À travers les années, leur inimitable composite de fréquences fut enclos sur les EPs: COCO’S PARADISE (2019) et MAX BLONDA (2017); mais aussi sur les singles: Honey/Baby (2017) et Galleria (2017); puis sur leur plus récente parution Easy Believer (2020), créée aux côtés du réalisateur, nommé au Polaris ainsi qu’aux Junos, Graham Walsh de Holy Fuck. Les éléments retrouvés sur ces enregistrements ont aussi été exposés, voire à peine contenus, lors de festivals internationaux dont Levitation (Austin, TX), SXSW (Austin, TX), Sled Island (Calgary, AB), New Colossus (New-York, NY) et Pop Montréal, aux grands plaisirs des scolaires du rock, comme des mélomanes curieux.ses.

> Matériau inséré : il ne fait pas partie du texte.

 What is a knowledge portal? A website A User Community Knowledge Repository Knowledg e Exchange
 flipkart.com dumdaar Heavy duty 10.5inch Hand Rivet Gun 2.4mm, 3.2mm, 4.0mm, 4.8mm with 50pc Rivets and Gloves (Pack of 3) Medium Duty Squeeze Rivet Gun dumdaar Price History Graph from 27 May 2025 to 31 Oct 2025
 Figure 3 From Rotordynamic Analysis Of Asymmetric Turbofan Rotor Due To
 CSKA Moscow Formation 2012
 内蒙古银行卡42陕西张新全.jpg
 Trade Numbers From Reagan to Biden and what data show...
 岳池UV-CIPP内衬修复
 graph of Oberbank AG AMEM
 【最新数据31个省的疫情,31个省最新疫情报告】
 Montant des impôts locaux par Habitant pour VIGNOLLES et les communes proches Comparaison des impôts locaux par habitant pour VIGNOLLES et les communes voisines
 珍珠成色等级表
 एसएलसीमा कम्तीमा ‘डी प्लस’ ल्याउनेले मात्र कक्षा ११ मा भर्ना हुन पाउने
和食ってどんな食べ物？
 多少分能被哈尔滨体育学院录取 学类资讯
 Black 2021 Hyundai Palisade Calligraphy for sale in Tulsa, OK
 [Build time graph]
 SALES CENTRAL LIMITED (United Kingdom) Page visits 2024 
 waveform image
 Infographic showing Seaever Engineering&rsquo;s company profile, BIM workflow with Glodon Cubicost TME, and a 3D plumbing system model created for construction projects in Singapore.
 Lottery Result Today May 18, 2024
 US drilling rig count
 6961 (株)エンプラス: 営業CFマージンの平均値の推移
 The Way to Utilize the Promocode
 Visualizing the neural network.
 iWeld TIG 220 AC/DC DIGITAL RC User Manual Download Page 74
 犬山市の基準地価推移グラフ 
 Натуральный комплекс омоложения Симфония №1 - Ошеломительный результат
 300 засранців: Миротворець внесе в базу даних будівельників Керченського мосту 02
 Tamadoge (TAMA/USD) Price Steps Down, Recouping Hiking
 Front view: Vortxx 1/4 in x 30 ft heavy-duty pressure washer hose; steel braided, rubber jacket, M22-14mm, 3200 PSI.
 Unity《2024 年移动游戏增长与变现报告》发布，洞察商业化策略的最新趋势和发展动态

Plus récemment, Hot Garbage retournait du côté de Palace Sound et Baskitball 4 Life, des laboratoires torontois où la formation y a rejoint Graham Walsh dans le but d’encapsuler davantage de ce mélange hautement inflammable sur engin de vinyle en format long jeu. Le quartet en a profité pour voir à l’archivage digital des travaux accomplis dans le but de les partager avec le public sous forme de 33 minutes de journaux sonores. Les fanatiques de rock volcanique et de nuages en poussière de réverbération voudront bien entendu être exposé.e.s sensoriellement au contenu de RIDE, leur premier long jeu paru le 29 octobre dernier via Mothland (Believe/FAB).